**Data for review**.
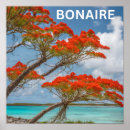 Search for poinciana posters Tree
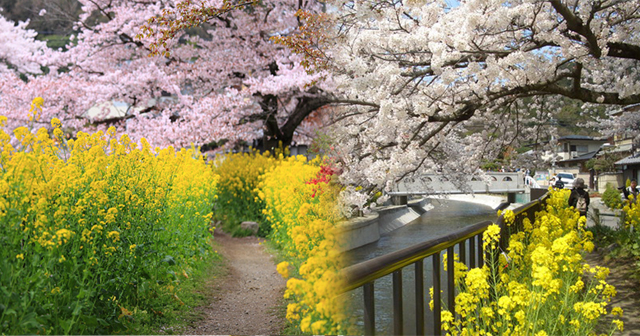 日本,京都,賞櫻,2017櫻花,山科疏水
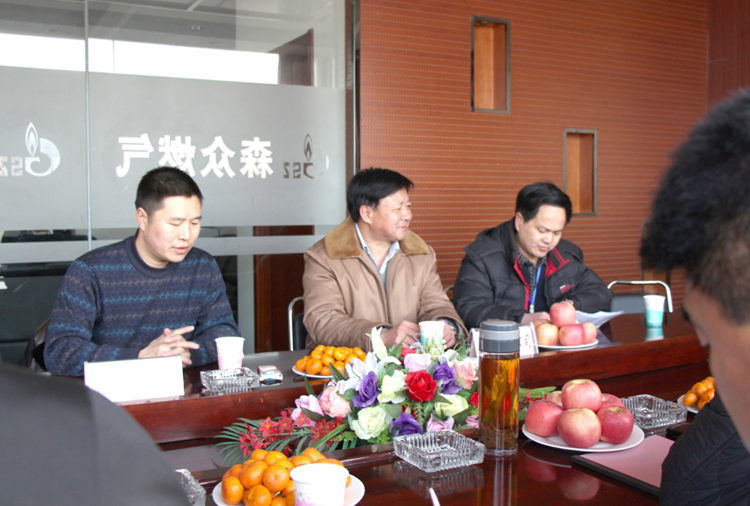 林口县政府与南京佳晨生态旅游项目有限公司燃气项目洽谈.png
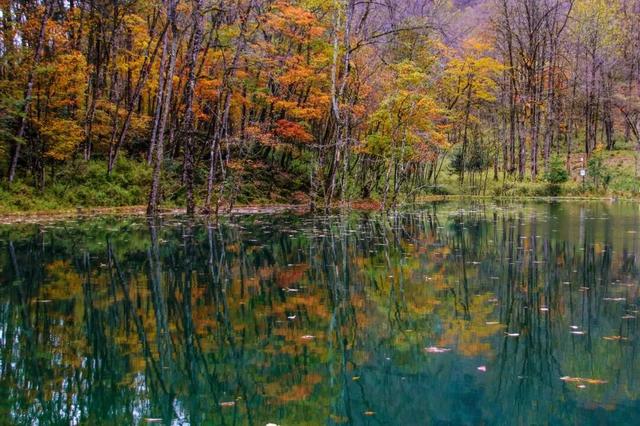 免票！成都及周边多个景区最新免费活动来啦！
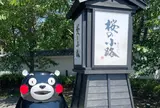 熊本城桜の小路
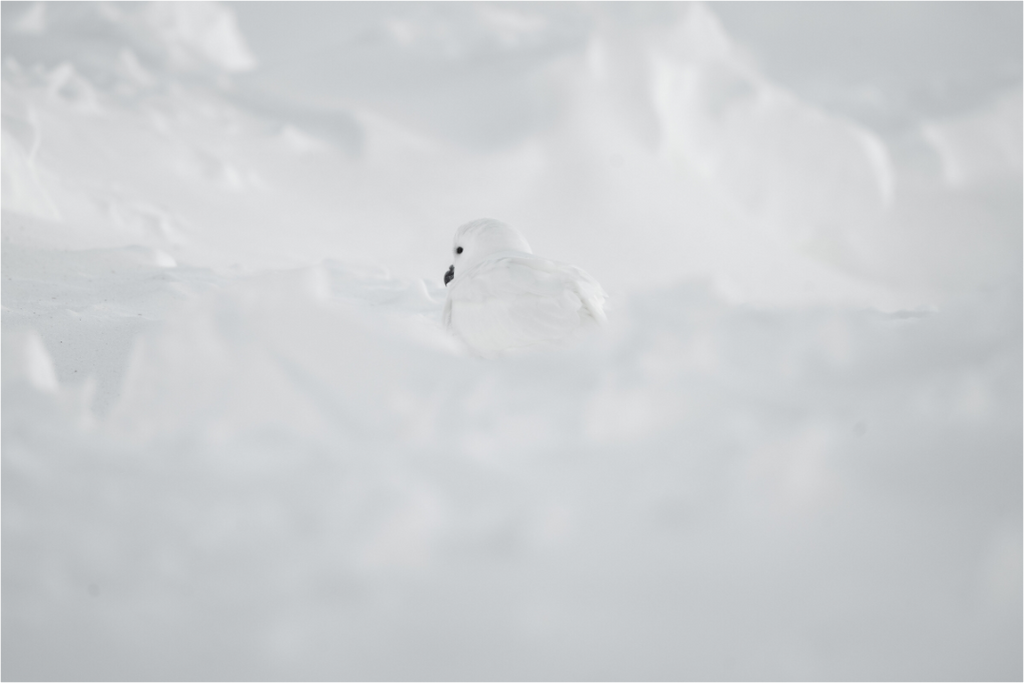 Main image Le Pétrel des Neiges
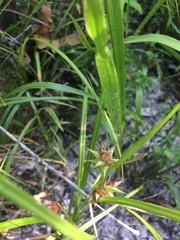 Carex louisianica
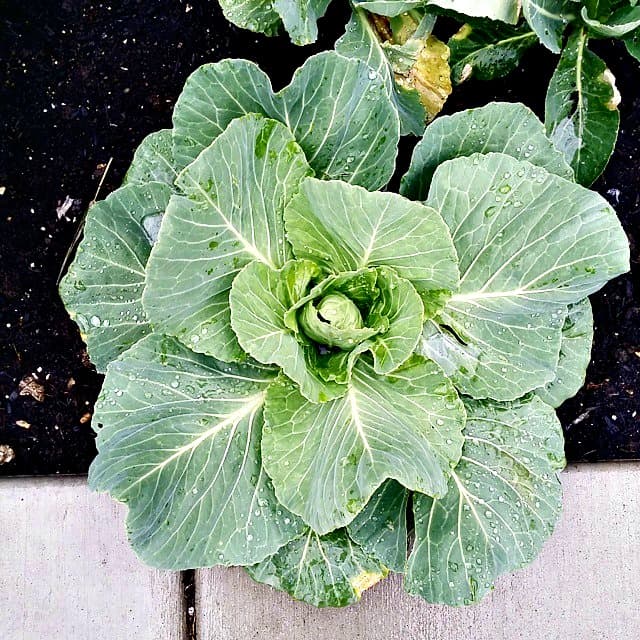 Backyard Cabbage
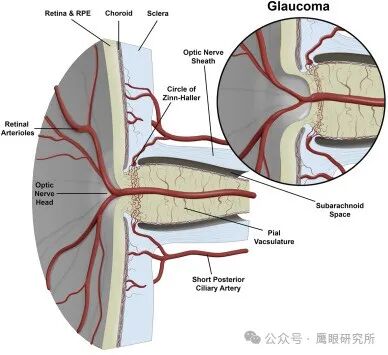 什么是回弹式眼压眼压与青光眼的关系：迄今为止最全面的眼压文献_https://www.jmylbn.com_新闻资讯_第4张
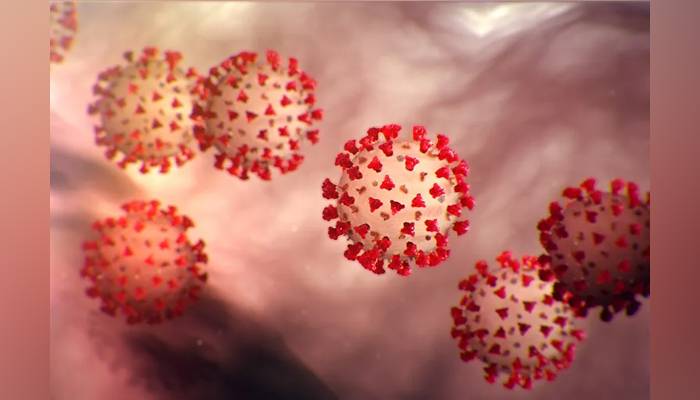 پاکستان میں کورونا وائرس سے مزید 1 مریض جان کی بازی ہار گیا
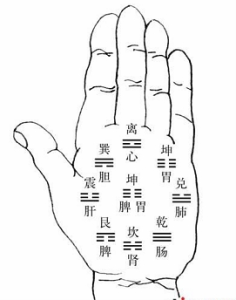 八卦派手面相学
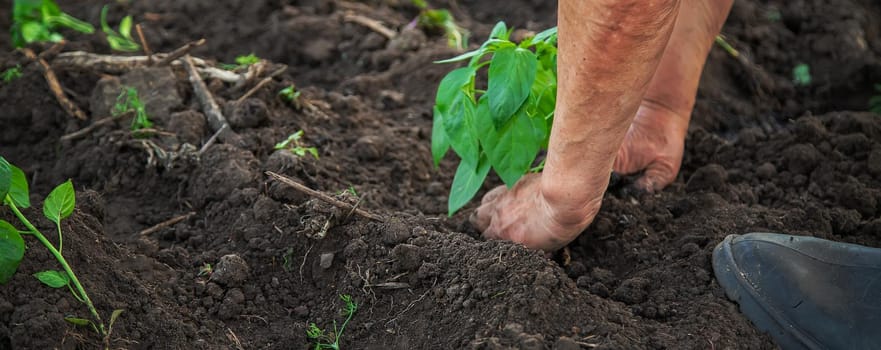 Grandmother is planting seedlings in the garden. Selective focus. Nature.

**Task details**. All that is needed is an exact copy of the lines from the line with "Main image Le Pétrel des Neiges" through the end of the listing, both ends included, with no pictures.

**Response**.
 Main image Le Pétrel des Neiges
 Carex louisianica
 Backyard Cabbage
 什么是回弹式眼压眼压与青光眼的关系：迄今为止最全面的眼压文献_https://www.jmylbn.com_新闻资讯_第4张
 پاکستان میں کورونا وائرس سے مزید 1 مریض جان کی بازی ہار گیا
 八卦派手面相学
 Grandmother is planting seedlings in the garden. Selective focus. Nature.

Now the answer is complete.